ChainSafe / lodestar

🌟 TypeScript Implementation of Ethereum Consensus
https://lodestar.chainsafe.io
Apache License 2.0
1.18k stars 289 forks source link

Organize and Update Metrics #7098

Open matthewkeil opened 1 month ago

matthewkeil commented 1 month ago

Problem description

There are a few goals that this issue is meant to discuss/cover.

Our collection of metrics has grown over time and the seems to be a lot of technical debt that needs to be addressed. The big thing is the organization of the metrics we currently collect. We have two giant files that are not very well organized so it is becoming harder to maintain. I would like to propose cleaning up the organization by shuffling the metrics into a few separate files so that they are easier to maintain.

There are also a number of metrics that are prescribed in ethereum/beacon-metrics that we are not collected as part of our metrics program. Ideally these will also get added.

There is also another creeping issue that I think should be addressed. We are starting to collect metrics is folders other than beacon-node and having the Metrics type there creates a circular dependency.

Solution description

Creating packages/metrics Folder

I would like to suggest that we move the metrics out of the beacon-node package and into its own package.

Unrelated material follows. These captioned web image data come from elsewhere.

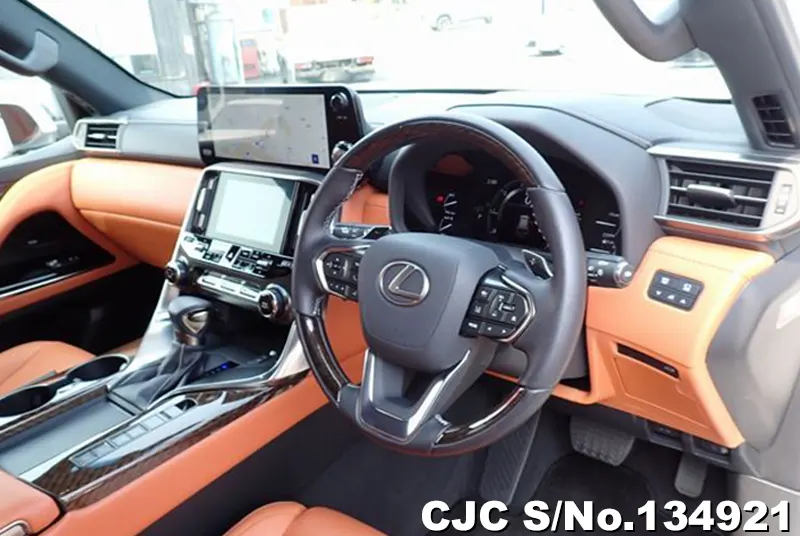 Lexus LX 600 in Pearl for Sale Image 6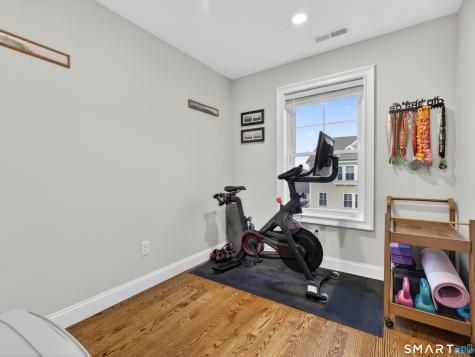 34 Village Crossing East Lyme CT 06357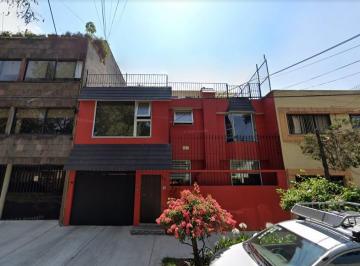 Casa de 3 habitaciones, Miguel Hidalgo · Casa con 194 m² Superficie de Terreno, 3 Habitaciones en Venta en Miguel Hidalgo.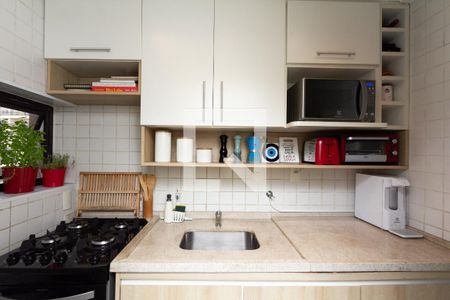 Cozinha de apartamento à venda com 2 quartos, 50m² em Indianópolis, São Paulo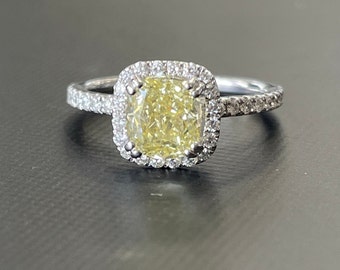Anillo de compromiso de diamante amarillo de 18K - Anillo de halo de diamante talla cojín con fancy yellow GIA Certified Diamond 1.35 CT
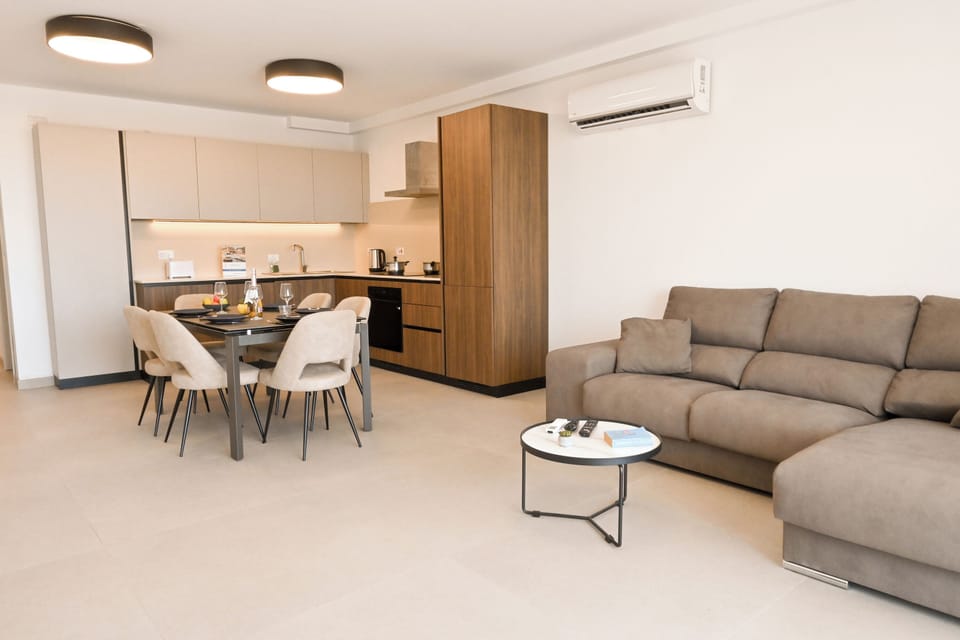 Standard Apartment, 3 Bedrooms, Balcony (Pool And Sea - Modern Apart Sannat) | Living area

This will make it easier to import the Metrics interface into other packages. I also am thinking we can export a singleton metrics object from the package. The package could export a getter function that obtains the instance of the singleton metrics object for addition to the chain object as it is today. But this would open the possibility of getting the metrics object in any help function or the other packages without needing to pass the chain object around. Not sure if this is strictly necessary but might make our lives easier going forward.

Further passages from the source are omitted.